Menurut data Treasury, harga emas saat ini berada di level Rp906.002. Dibuka di level Rp905.871, harga emas menanjak dan bertengger di Rp909.135. Setelah itu, emas beringsut turun. Dibandingkan dengan bulan lalu, harga emas meningkat dari Rp903.388 menjadi Rp906.028.

Sementara itu, di pasar spot, harga emas naik tipis 0,09 persen ke US$1.842,5 per ons, dikutip dari CNBC.

Indeks dolar ditutup di level 104,7 pada perdagangan Senin 20 Juni 2022. Angkanya lebih rendah dari Selasa 14 Juni 2022 yang indeksnya berada di level 105,52, dikutip dari Kontan. Indeks dolar ini turun dari level tertinggi selama dua dekade. Pelemahan dolar AS ini menarik kembali permintaan emas batangan dari pembeli luar negeri.

“Logam mulia kemungkinan akan tetap berada di kisaran tersebut berkat kekuatan yang saling bertentangan yang mendorong kenaikan dan penurunan,” kata analis senior di FXTM, Lukman Otunga.

Otunga mengatakan perlu ada pemicu baru untuk mendorong kenaikan harga emas.

Sekadar informasi, kenaikan harga emas ini juga memicu logam-logam mulia lainnya. Terpantau harga perak naik 0,32 persen ke US$21,65 per ons, platinum meningkat 0,49 persen ke US$934,8 per ons, dan palladium terkerek 1,96 persen ke US$1.834 per ons.

 

Pasar Emas Fokus pada Kebijakan Bank Sentral?

JP Morgan mengatakan kenaikan suku bunga global sangat berpengaruh terhadap emas. Minggu lalu, ada 11 bank sentral yang menaikkan suku bunganya, termasuk Federal Reserve. Dikatakan bahwa lonjakan emas memang menaikkan emas, tapi ini membuat harganya rawan anjlok karena banyak bank sentral menaikkan suku bunga acuan.

“Situasi ini membuat harga emas tertahan,” ujar JP Morgan, dikutip dari CNBC Indonesia.

Kini, kenaikan harga emas ini dibatasi oleh komentar hawkish dari Gubernur Fed, Christopher Waller. Dia menjanjikan akan melakukan pendekatan apa pun untuk menekan inflasi di AS. Pernyataan ini keluar setelah Federal Reserve menaikkan suku bunga 75 basis poin dan memberi sinyal akan menaikkan suku bunga lebih tinggi.

 

Giliran Eropa Menaikkan Suku Bunga Acuan

Begitu pula di Eropa. Setelah Federal Reserve dan Bank Sentral Inggris, kini giliran Bank Sentral Eropa (ECB) juga akan menaikkan suku bunga acuannya. ECB memastikan kenaikannya akan dilakukan bulan depan untuk menekan inflasi, dikutip dari Katadata.
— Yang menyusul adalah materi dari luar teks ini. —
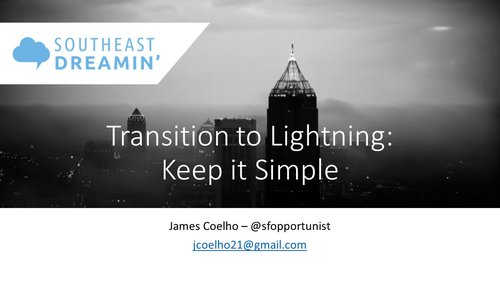 [SLIDE DECK] Transition to Lightning: Keep it Simple
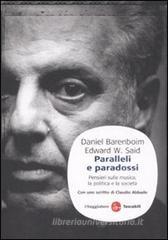 Paralleli e paradossi. Pensieri sulla musica, la politica e la società Paralleli e paradossi. Pensieri sulla musica, la politica e la società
Bank ini akan menaikkan suku bunga acuannya sebesar 25 basis poin; kenaikan yang pertama sejak satu dekade lebih. Kalau inflasi memburuk, ada kemungkinan suku bunga dinaikkan lebih besar pada September 2022.

“Inflasi tinggi di atas target kemungkinan akan bertahan beberapa waktu,” kata Presiden ECB, Christine Lagarde.

Inflasi tahunan di Eropa diperkirakan berada di level 6,8 persen tahun ini dan berada di atas target 2,4 persen pada 2024.

 

Dipicu Konflik Rusia-Ukraina

Selain menaikkan suku bunga, ECB memotong perkiraan pertumbuhannya. PDB 19 negara yang menggunakan mata uang euro, diperkirakan tumbuh 2,8 persen pada 2022 dan 1,2 persen tahun depan.

Inflasi di zona euro mencapai 8,1 persen bulan Mei 2022. Penyebabnya adalah konflik Rusia-Ukraina. Konflik ini mendorong inflasi global dan menekan Uni Eropa. Kawasan ini harus menemukan alternatif minyak dan gas Rusia. Harga bahan bakar fosil di sana meroket 40 persen dari Mei 2021 dan bisa lebih tinggi dalam waktu dekat.

“Jika perang menigkat, sentimen ekonomi bisa memburuk karena kendala pasokan meningkat. Biaya energi dan makanan bisa tetap lebih tinggi dari yang diharapkan,” kata Lagarde.